From the line with "Snapshot of FlamyGold" to the last line of the data below, repeat every line exactly and add nothing.

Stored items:
---
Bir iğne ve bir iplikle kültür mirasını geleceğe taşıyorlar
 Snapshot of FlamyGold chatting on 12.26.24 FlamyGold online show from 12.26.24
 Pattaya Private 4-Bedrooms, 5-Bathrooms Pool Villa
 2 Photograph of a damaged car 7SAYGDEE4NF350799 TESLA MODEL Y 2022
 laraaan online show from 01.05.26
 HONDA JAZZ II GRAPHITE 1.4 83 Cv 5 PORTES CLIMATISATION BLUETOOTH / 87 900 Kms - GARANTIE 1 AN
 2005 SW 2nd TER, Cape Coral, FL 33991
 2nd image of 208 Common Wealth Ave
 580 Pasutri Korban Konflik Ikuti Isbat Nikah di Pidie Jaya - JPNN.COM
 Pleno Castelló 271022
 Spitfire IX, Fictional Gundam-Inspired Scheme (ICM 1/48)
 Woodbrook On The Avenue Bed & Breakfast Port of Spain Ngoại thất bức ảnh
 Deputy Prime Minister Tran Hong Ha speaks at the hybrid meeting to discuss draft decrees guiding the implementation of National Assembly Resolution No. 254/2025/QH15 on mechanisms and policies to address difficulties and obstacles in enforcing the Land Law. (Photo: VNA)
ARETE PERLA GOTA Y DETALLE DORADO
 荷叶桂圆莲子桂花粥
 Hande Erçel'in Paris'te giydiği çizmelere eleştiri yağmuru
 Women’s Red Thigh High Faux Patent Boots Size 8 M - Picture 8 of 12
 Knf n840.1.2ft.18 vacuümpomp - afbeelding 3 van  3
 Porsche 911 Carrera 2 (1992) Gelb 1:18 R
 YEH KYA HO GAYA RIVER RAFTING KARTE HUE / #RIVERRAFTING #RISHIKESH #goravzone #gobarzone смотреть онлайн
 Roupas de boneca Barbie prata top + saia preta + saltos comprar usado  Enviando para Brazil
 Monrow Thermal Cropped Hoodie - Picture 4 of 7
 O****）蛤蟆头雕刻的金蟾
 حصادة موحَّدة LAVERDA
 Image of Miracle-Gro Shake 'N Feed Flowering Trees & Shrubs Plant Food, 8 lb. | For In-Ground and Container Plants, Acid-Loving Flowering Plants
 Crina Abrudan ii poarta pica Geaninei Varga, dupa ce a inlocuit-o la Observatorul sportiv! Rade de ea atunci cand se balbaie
---
- **OUTPUT OF THE EXERCISE**
 Snapshot of FlamyGold chatting on 12.26.24 FlamyGold online show from 12.26.24
 Pattaya Private 4-Bedrooms, 5-Bathrooms Pool Villa
 2 Photograph of a damaged car 7SAYGDEE4NF350799 TESLA MODEL Y 2022
 laraaan online show from 01.05.26
 HONDA JAZZ II GRAPHITE 1.4 83 Cv 5 PORTES CLIMATISATION BLUETOOTH / 87 900 Kms - GARANTIE 1 AN
 2005 SW 2nd TER, Cape Coral, FL 33991
 2nd image of 208 Common Wealth Ave
 580 Pasutri Korban Konflik Ikuti Isbat Nikah di Pidie Jaya - JPNN.COM
 Pleno Castelló 271022
 Spitfire IX, Fictional Gundam-Inspired Scheme (ICM 1/48)
 Woodbrook On The Avenue Bed & Breakfast Port of Spain Ngoại thất bức ảnh
 Deputy Prime Minister Tran Hong Ha speaks at the hybrid meeting to discuss draft decrees guiding the implementation of National Assembly Resolution No. 254/2025/QH15 on mechanisms and policies to address difficulties and obstacles in enforcing the Land Law. (Photo: VNA)
ARETE PERLA GOTA Y DETALLE DORADO
 荷叶桂圆莲子桂花粥
 Hande Erçel'in Paris'te giydiği çizmelere eleştiri yağmuru
 Women’s Red Thigh High Faux Patent Boots Size 8 M - Picture 8 of 12
 Knf n840.1.2ft.18 vacuümpomp - afbeelding 3 van  3
 Porsche 911 Carrera 2 (1992) Gelb 1:18 R
 YEH KYA HO GAYA RIVER RAFTING KARTE HUE / #RIVERRAFTING #RISHIKESH #goravzone #gobarzone смотреть онлайн
 Roupas de boneca Barbie prata top + saia preta + saltos comprar usado  Enviando para Brazil
 Monrow Thermal Cropped Hoodie - Picture 4 of 7
 O****）蛤蟆头雕刻的金蟾
 حصادة موحَّدة LAVERDA
 Image of Miracle-Gro Shake 'N Feed Flowering Trees & Shrubs Plant Food, 8 lb. | For In-Ground and Container Plants, Acid-Loving Flowering Plants
 Crina Abrudan ii poarta pica Geaninei Varga, dupa ce a inlocuit-o la Observatorul sportiv! Rade de ea atunci cand se balbaie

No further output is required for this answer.